Después una licenciada me dijo “Kenya por qué no metes un beneficio a tu delito, hay reformas”; yo no sabía leer ni escribir, y ella hizo todo el papeleo. Tuve tres bajas de sentencia, y en la última rebaja les compurgaba con diez años, ocho meses siete días, y cuando me llegó esta notificación, ya tenía diez años ocho meses, ya nada más me faltaban siete días para irme; sin embargo, ese día me llegó otra resolución, la cual era la absolución del delito, y me fui ese día, pero con una mano adelante y otra atrás, sin papeles sin conocer a nadie.
Después de diez años regresé al trabajo sexual, una de mis amigas se acordó de mí, me prestó ropa, zapatillas, me puse a trabajar y esa noche misma renté un cuarto de hotel. Pero yo ya venía trabajando con ciertas organizaciones sobre prevención de VIH, me enseñaron a aplicar pruebas, entregar condones, a hacer una pre-post consejería, y llevar el mensaje dentro del centro penitenciario, entonces cuando salgo decido hacerlo, pero ahora con trabajadoras sexuales. Me iba a trabajar y en mi bolsa traía condones y pruebas. De repente, las compañeras llegaban y me comentaban que se les había roto el condón, y les explicaba que a los tres días les haría la prueba y todo el proceso.
En 2016, sucede lo de Paola Buen Rostro, mi compañera y amiga que también ejercía el trabajo sexual en Puente de Alvarado. Llegó un sujeto solicitando servicios, avanzó el carro después de que se sube mi amiga a unos metros el carro se para y ella comenzó a gritar pidiendo auxilio, me acerqué al vehículo y llegando escuché las detonaciones de arma, mi amiga se desvaneció, el sujeto la aventó al asiento del copiloto y se me quedó viendo, me apunta con el arma y me dispara, entonces cuando me disparó, yo no me pude ni mover, el arma se encasquillo.
Lo detuve, llega la policía, lo detienen en flagrancia, nos lo llevamos. Pero todo el tiempo nos negaron información, violentaron nuestros derechos tratándonos como hombres diciéndonos que éramos unas putas más de la esquina. Eso ejerció un enojo de mi parte.

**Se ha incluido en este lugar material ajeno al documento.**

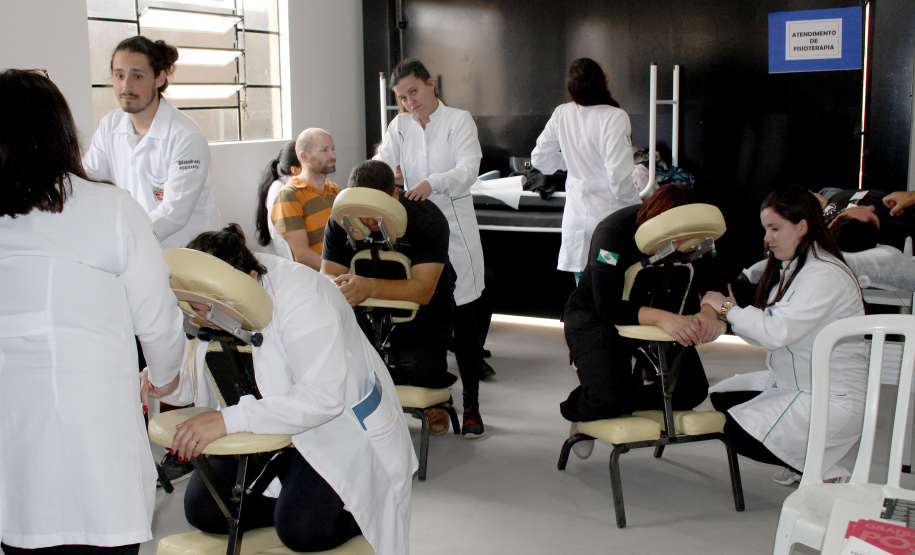 Servidores do Depen-PR de todo o Estado participam da 4ª Semana de Saúde do Trabalhador do Sistema Penitenciário. Com exames preventivos, palestras e bate-papos sobre a importância do cuidado com a saúde, o evento acontece até esta quarta-feira (13), Dia do Agente Penitenciário. As atividades foram abertas nesta terça (12), no Centro de Integração Social (CIS), em Piraquara. Foto: Divulgação/SESP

Unos minutos antes de la audiencia me dan los datos. Llegué y el juez me mando a sacar para que no contaminará a la audiencia. Al finalizar la audiencia lo dejaron en libertad. Después pedí el cuerpo, que con amenazas me lo entregaron, ya después de dos noches de velación, decidí colocarlo en Avenida Insurgentes para gritarle al mundo y a la sociedad que ya estaba harta, harta de que siempre se criminalizara a las personas trans, que no tuviéramos derechos, que todas las instituciones, que todas las personas podían tener el derecho de violentarte en cualquier momento del día, en cualquier lugar, y que yo estaba cansada y que si no me hacían caso, yo iba a hacer más desmadre.
Logré la atención del gobierno, de muchas academias, de muchas empresas y empecé a dar esta visibilidad. De ahí empecé a enterrar a las mujeres que nadie reclamaba, y luego empecé a hacer entrevistas, yo vivía de estas entrevistas, yo te decía invítame a comer, págame mis pasajes y te doy la entrevista, y mucha gente me buscaba y diario tenía una y tenía para comer. Dos años después me dedico a abrir una organización, fundé la Casa de las Muñecas en 2018. Cuando la fundé comenzamos brindar acompañamientos integrales a las poblaciones vulnerables, atendiendo a personas de la calle, trabajadoras sexuales, personas privadas de la libertad, personas que viven con VIH, migrantes y todo el colectivo LGBT, mientras vivan una situación de vulnerabilidad.